In 2024, we expect the economy will continue to grow slightly above potential, cooling to 2.2% despite a significant increase in government spending ahead of June’s presidential elections. With more money injected into social programs and public infrastructure, the economy should maintain its positive momentum in the first half of the year. However, growth should start to falter in the second half as tight monetary policy persists and growth in the US, Mexico’s main trading partner, begins to slow. Nevertheless, there's potential for a boost in economic activity in Mexico through ongoing nearshoring efforts. For 2025, we expect growth to reach 2.1% although developments in US Presidential Elections will need to be followed closely.


 

Chile: Contraction narrowly avoided in 2023

Chile's Q4’ performance surprised to the downside with GDP growth decelerating to 0.1% quarter-on-quarter seasonally adjusted, down from Q3's 0.3%. year-on-year growth also slowed to 0.4% compared to Q3’s 0.6%. Despite these challenges, Chile managed to surpass expectations for the full-year 2023, recording a modest growth of 0.2%. This outcome was partly attributed to upward revisions in GDP readings for Q1 and Q2. Nevertheless, Chile still lagged other major Latin American economies in 2023 due to a series of challenges such as high interest rates, mining production issues, and low business confidence.

In Q4, growth was mainly driven by private consumption and government spending, which reversed their contractions from Q3. However, investment and net exports remained largely subdued. On the supply side, personal services and transport categories made the most significant contributions to Q4 growth, while the mining sector, vital for Chile's economy, contracted at the end of the year.
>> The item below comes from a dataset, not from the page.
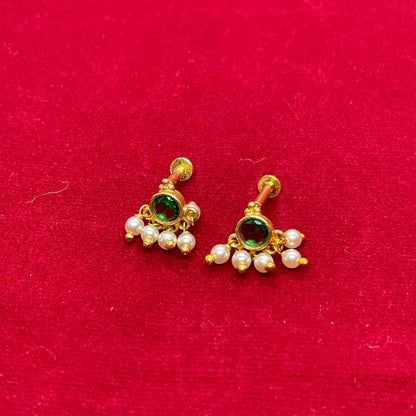 Gold Plated 92.5 Sterling Silver Emerald Green CZ & Pearl Cluster Stud Earrings for Women | Temple-Inspired Emerald Pearl Fan Drop Studs pair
Chile’s economy is approaching the end of its adjustment cycle and should start converging towards trend growth, with projected growth rates of 1.5% in 2024 and 2% in 2025. Private consumption should drive growth this year supported by lower inflation, looser monetary policy, and increased political stability after years of turmoil, which should also benefit investment. Likewise, the economy is set to receive a boost from mining exports, as large mining projects are slated to start operating this year. However, Chile's economic outlook faces a significant risk from a potential slowdown in China, given its role as Chile's main trading partner.